Of course there is room for cuts.

 I wonder what the Stelmach deficit will really total by the end of the fiscal year? At the rate that it is escalating, it is looking likely that we will be $10 billion in the red by the time the year is finished. Iris and Ed’s fiscal predictions have proven to be utterly worthless and off the mark by as much as $15 billion in a one year period. It is frightening to think of what these clowns will do to our province with a few more years to mismanage us.

 The voices of the status-quo apologists are dwindling as most people with any degree of fiscal common sense have migrated to the Wildrose Alliance Party. These people have learned that to try and repair the tired old Progressive Conservative machine is a lost cause.

 Still, there are a dogged few who try to make excuses for the freespending ways of the Stelmach government. It is sad to see them smugly state to critics “Well, where would you cut?” as if that is some sort of knockout blow dealt to critical comment. A better question is; where to begin?

 Virtually every department has had massive increases in expenditures despite Albertans seeing little indication of benefits from this spending. The reason to put it simply is that the spending has been directionless and money is being outright pissed away. Bureaucrats are raking in millions in bonuses from Ed Stelmach while displaying gross incompetence in the spending of hard-earned Albertan tax dollars. What incentive is there for these parasites to improve performance? Firing is one of the best things these people can think of happening to them considering the multi-million dollar golden handshakes that Ed likes to give to senior civil servants.

 Special Ed and others have trumpeted that we are in the midst of an infrastructure deficit. This is a sidelong (and rather sad) way to try and blame our fiscal shortcomings on the previous administration.

 Lets assume that this infrastructure is indeed critical. Does that mean that we can’t cut the spending on it? NO!

 A regular reader of this blog (an rare breed indeed) passed on a couple stories to me that really help demonstrate the efficiency being displayed in the construction of Alberta infrastructure. The contrast is striking and I don’t doubt that hundreds of other projects can be compared similarly.

 Wal-Mart announced a few months ago that they will be constructing a giant store in Calgary’s Southeast. The store will be 185,000 square feet and will be the largest of it’s kind in Calgary. The projected cost of this project is about $11 million dollars.

 Now recently, the province of Alberta and the city of Calgary proudly cut the ribbon on the opening of a new police station in the Ramsey district. The station is 36,000 square feet and cost $19 million to build.

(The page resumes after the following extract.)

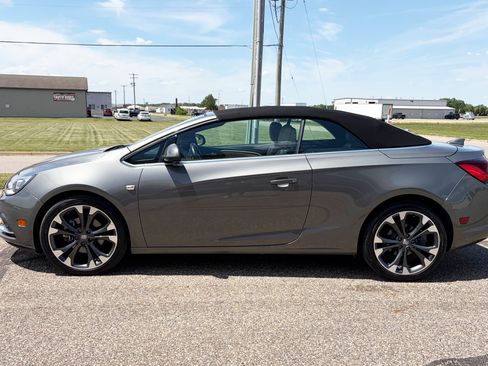 Used 2017 Buick Cascada Premium FWD image 10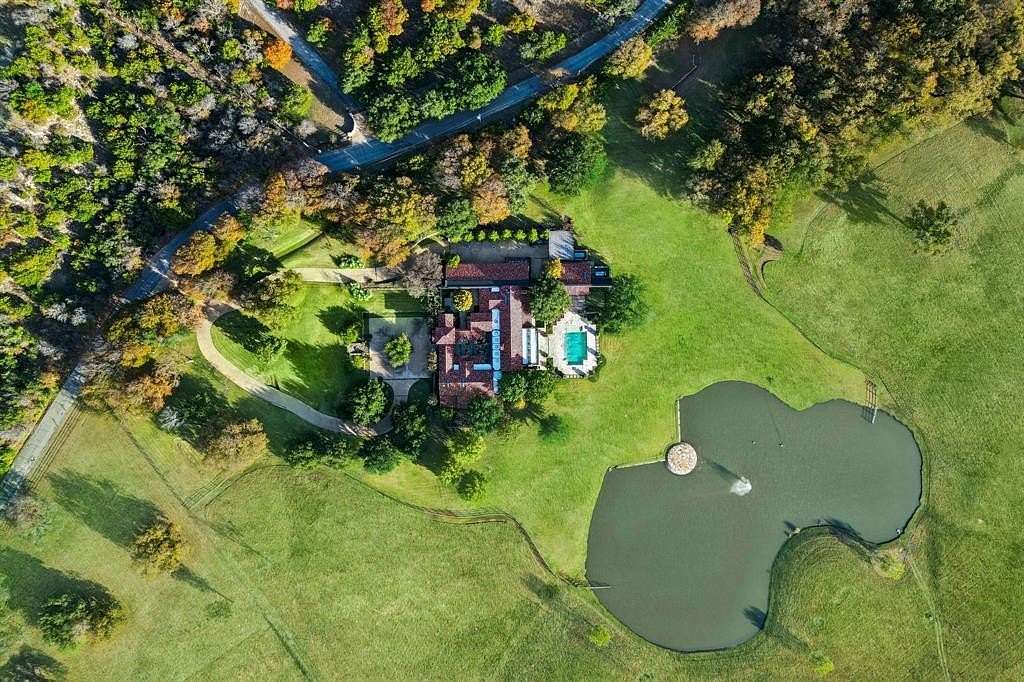 32 Acres of Improved Mixed-Use Land for Sale in Aledo, Texas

 Now I do understand that there are different needs between these types of facilities but come on, look at that spread in costs. I don’t doubt that Wal-Mart will be installing top of the line security that will rival the police station along with administrative space. I am sure that there are many things that the retail facility will need that the police station would not.

 I see that Canadian Tire is building a store along with a Work Warehouse and other shops in Canmore Alberta. That project is projected to come in at around $11 million dollars. This is in one of the most expensive property areas with the most expensive labor in the province.

 There is plenty of room for cost-efficiency folks and we need not eschew much infrastructure in order to save money. The first step would be to investigate and find out why government funded projects cost twice or more  as much to construct as comparable ones in the private sector. Such an investigation would mean that senior civil servants, unions and contractors with a government relationship and sense of entitlement would likely get their backs up. Alas, our current government will never have the courage to take this on.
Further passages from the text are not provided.